Conflict of interest: JdR, MPG and CV are inventors on a patent covering the development of Sturgeon. JdR is co-founder and director of Cyclomics, a genomics company.
Consent for publication: The research was approved by the Biobank and Data access committee (BDAC) of the Princess Máxima Center for pediatric oncology. All included patients provided written informed consent for participation in the biobank (International Clinical Trials Registry Platform: NL7744). Inclusion of intraoperative samples was ethically approved via the same decision; the results were not shared with caregivers and therefore not used to alter patient treatment nor diagnosis.
Patient Identity: To protect patient privacy, patient IDs were generated and assigned exclusively for this publication for patients included from the Princess Máxima Center. The translation between patient IDs and patient identity is not known outside this research group. For publicly available data, the identifiers were maintained from the metadata provided by the repository.
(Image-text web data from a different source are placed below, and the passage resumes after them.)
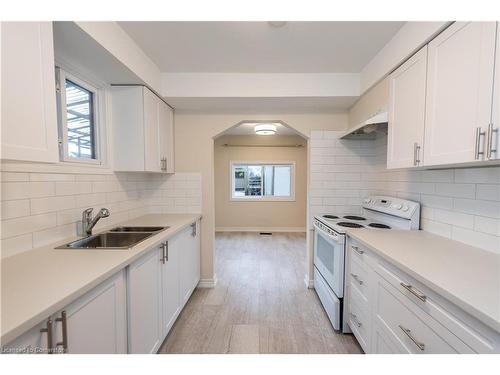 2-583 Cannon Street E, Hamilton, ON - Indoor Photo Showing Kitchen With Double Sink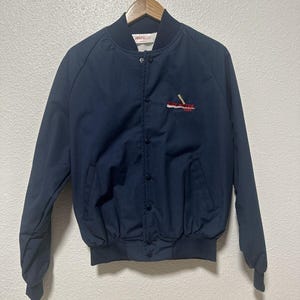 May include: A navy blue bomber jacket with a snap closure and a red, white, and blue embroidered logo that says "The Great American Sportsman".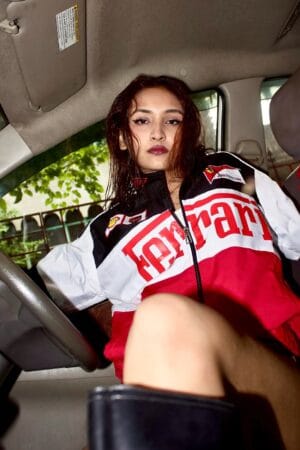 Model wearing Exotix Ferrari Racing Jacket with Scuderia Ferrari and F1 patches – front view in streetwear styling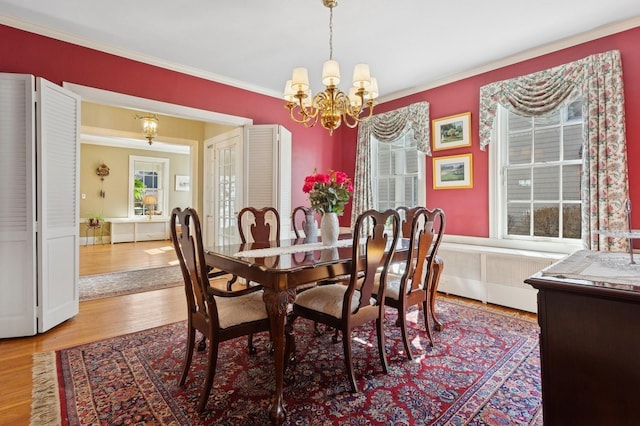 dining room with crown molding, wood finished floors, and a chandelier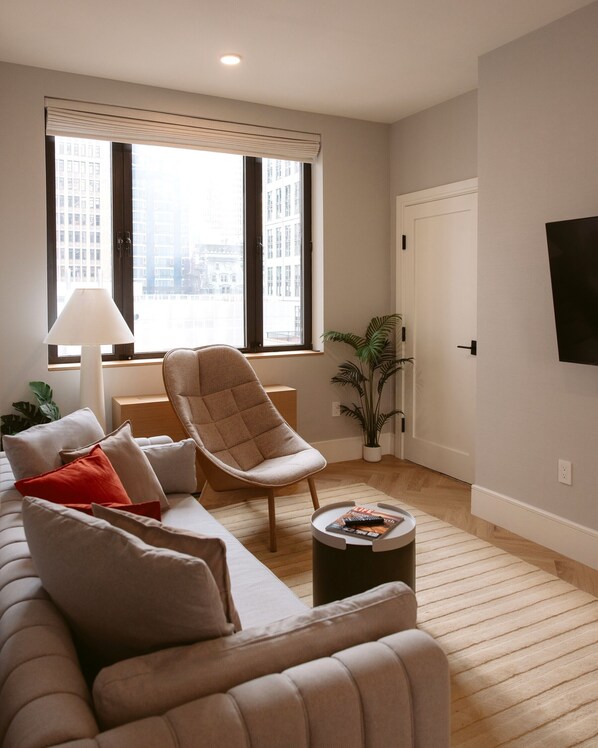 Un salon moderne avec un canapé, un fauteuil, une lampe et une petite table sur laquelle repose un magazine.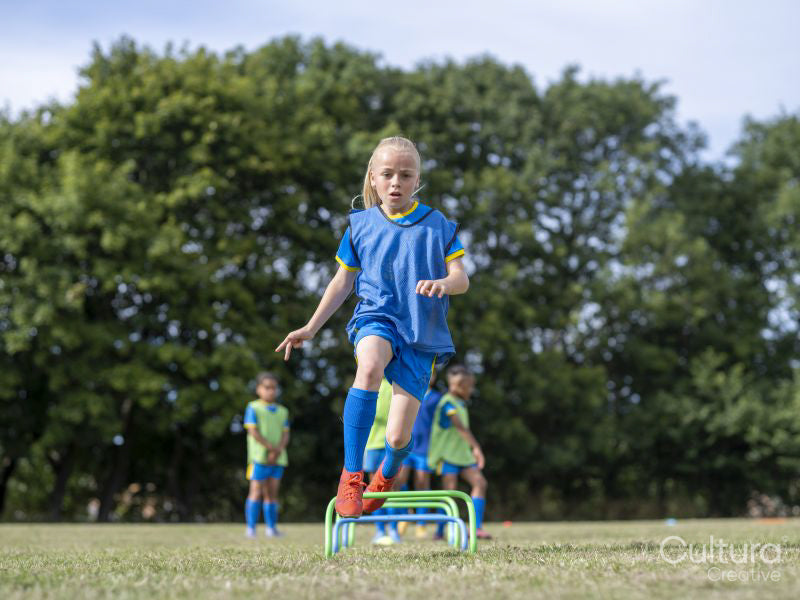 Children dressed in uniforms practicing on soccer field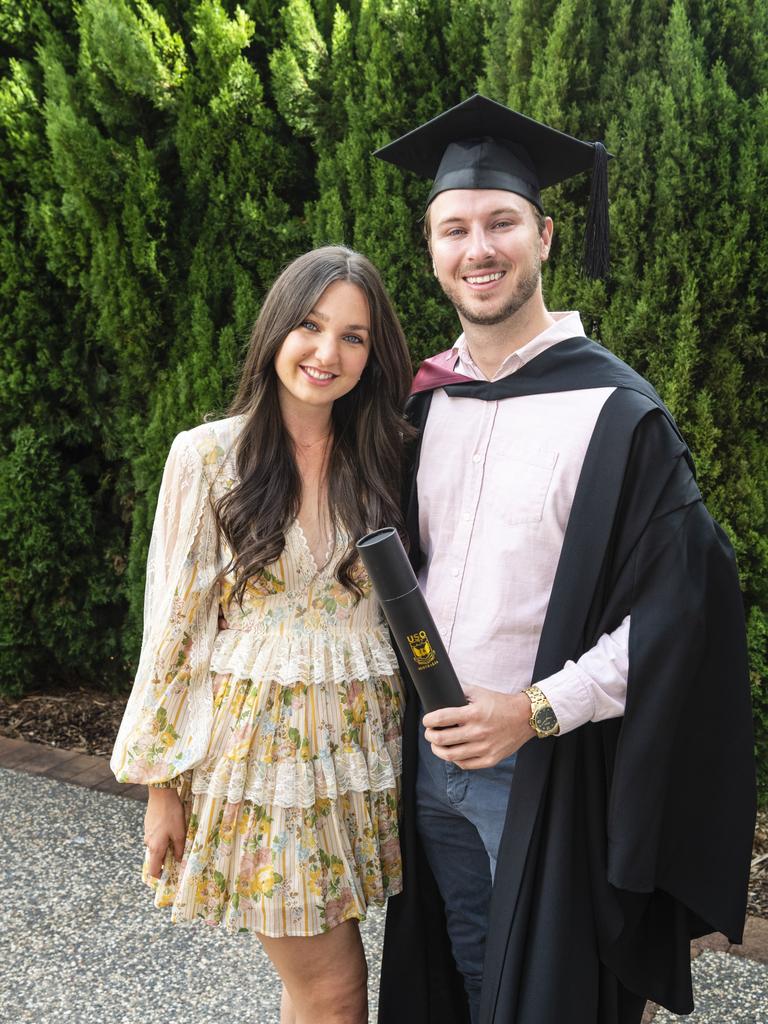 Bachelor of Spatial Science Technology graduate Jamie Quinn celebrates his degree with Ruby Carnes at the UniSQ graduation ceremony at Empire Theatres, Tuesday, December 13, 2022. Picture: Kevin Farmer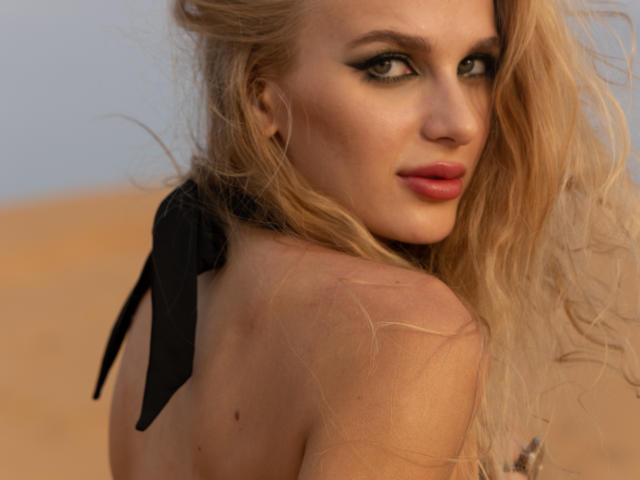 FloraDavis with long blonde hair, smoky eye makeup, and red lipstick, looking over her shoulder, wearing a black halter top, showing her bare back and small mole.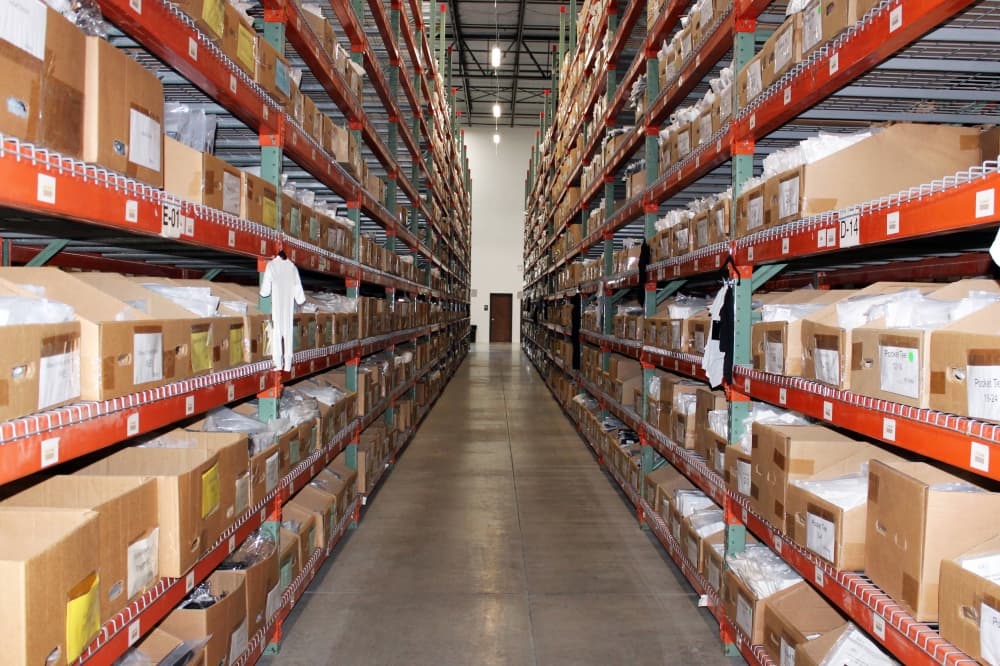 Warehouse shelves with a door at the end of the aisle.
Availability of data and materials: data will be made available via the EGA repository upon publication.
Code availability: code is available upon request, and will be made publicly available through github upon publication.
Authors’ contributions: CV, MPG, JdR, BT and LK conceived experiments and wrote the article. CV and MPG conceived and wrote code and performed experiments. BT and LK collected and managed patient data. MK, PW, KvB, JvdL and EH conceived experiments, wrote the article and provided clinical samples and/or information.
Acknowledgments
We acknowledge the Utrecht Sequencing Facility (USEQ) for providing sequencing service and data. USEQ is subsidized by the University Medical Center Utrecht and The Netherlands X-omics Initiative (NWO project 184.034.019).